Dive unexplored reefs and partake in marine conservation amongst the islands of the intrepid Raja Ampat archipelago.
About this Program
This truly breathtaking marine paradise of white, sandy beaches and sparkling, turquoise waters is located in the East Indonesia/West Papua region of the coral triangle. Loosely translated as ‘the four kings’, Raja Ampat is made up of over 1500 small islands and cays, although only 35 of them are inhabited. Many of the islands remain unexplored and reefs are yet to be dived, making it one of the few remaining scuba diving frontiers in the world. Raja Ampat has the highest known concentration and diversity of marine life on earth within its waters. This marine ecosystem is a major, global priority for ocean conservation and the full extent of its importance as an ecosystem is only now being uncovered. The oceans which surround Raja Ampat contain a staggering 80% of the world’s coral species, which is ten times the number of species found in the entire Caribbea. These include 1350 species of fish, six endangered marine turtle species and 27 varieties of marine mammal. This level of biodiversity is truly unequalled anywhere in the world.
Despite the threats facing this marine environment, the reefs are showing remarkable resistance to global marine issues such as climate change, coral bleaching and disease. Larvae naturally produced here, is swept across the oceans to replenish the reefs. This naturally supports healthy ecosystems and sustainable subsistence fishing for poor villages. However, there is still much work to be done to ensure that Raja Ampat remains as biodiverse as possible, and that its species continue to thrive.
Understanding that the long-term protection of this special environment cannot work unless accompanied by education and the sustained alleviation of poverty, the program works with the local communities - educating, improving equality of life and aiming to alleviate poverty once and for all. There are a number of community programs and initiatives for you to get involved with around the twice daily dives, which makes for a truly rewarding marine conservation volunteer experience.
Prior to Arrival
You must hold a valid passport to enter Indonesia. Your passport must be valid for a minimum period of six months from the date of entry to Indonesia. For a visit of up to 30 days, citizens of the UK, the USA and nations in the European Economic Area can obtain a single-entry visa on arrival for free when first entering Indonesia(this is for 30 days maximum). There is an option which costs US$35 for a visit of up to 30 days. This tourist visa can then be extended once by 30 days and the program staff will help you with this using their visa agent based in Bali at a cost of £35. Alternatively, you can apply for a 60 day tourist visa before travel from your local Indonesian Embassy. For stays of over 60 days, you will need to apply for a visa beforehand.
You will be met at the Meridien Hotel at 8am by a program facilitator who will transfer you to the ferry port (opposite the Meridien Hotel) to catch a boat to the program site on Arborek Island. Upon arrival you will spend the rest of the day settling in, exploring the program site and meeting your fellow volunteers. This is the perfect time in which to take in the beauty of Raja Ampat - one of the most pristine marine environments anywhere on earth!
Please note: On arrival in Waisai you will need to pay 1,000,000 IDR (around £50) for the Raja Ampat Marine Reserve Fee. This will need to be paid in cash in the local currency.
A typical weekday on the program consists of two survey dives and time spent on one or more of the numerous community programs within the local area. Depending on the weather conditions, you will either start the first survey dive at 9am or visit the local community to assist on a community program. After lunch you will go back out to complete another survey-dive.

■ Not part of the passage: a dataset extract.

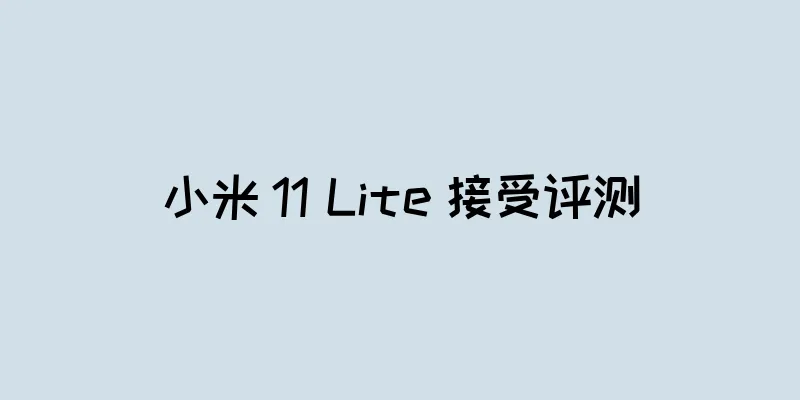 小米 11 Lite 接受评测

If you are unqualified, you will complete your PADI Open Water and Advanced Open Water qualifications the first week.
Scuba diving is not only done during the daily survey dives but also during your free time. The marine life here is second to none and therefore it is essential for you to get under-water as much as possible! Saturdays are therefore set aside for leisure dives.
Sunday is a complete no dive day to allow recovery time. This time can be spent sunbathing, playing beach volleyball or football, swimming, snorkelling, exploring the island or visiting the local village.
Accommodation is provided in a stunning, beach-front location, just metres from the calm, crystal clear ocean. The accommodation comprises of dormitory-style beach bungalows. Each bungalow has been hand-built by the local community using traditional methods and materials. You will be provided with a bunk bed, mattress, pillow, basic linen (you may wish to bring a light sleeping bag) and mosquito net, along with a fan for each room. The bungalows are usually same-sex sharing, however this cannot be guaranteed. They also have a power supply so you can recharge cameras and phones. Accommodation is basic but comfortable.
Please note the island now has a new bungalow with 2 rooms. A private room in this, right on the beach, will be available for those that want to upgrade. This private room in a shared beach bungalow will cost an extra £120 per week and is good for couples travelling together – please enquire for more details.
Three meals a day are provided (specific diets are catered for). Meals are based upon local cuisine and seasonal availability of locally produced food, prepared and cooked by local staff, except on Sundays when expedition staff & volunteers will prepare and cook all meals.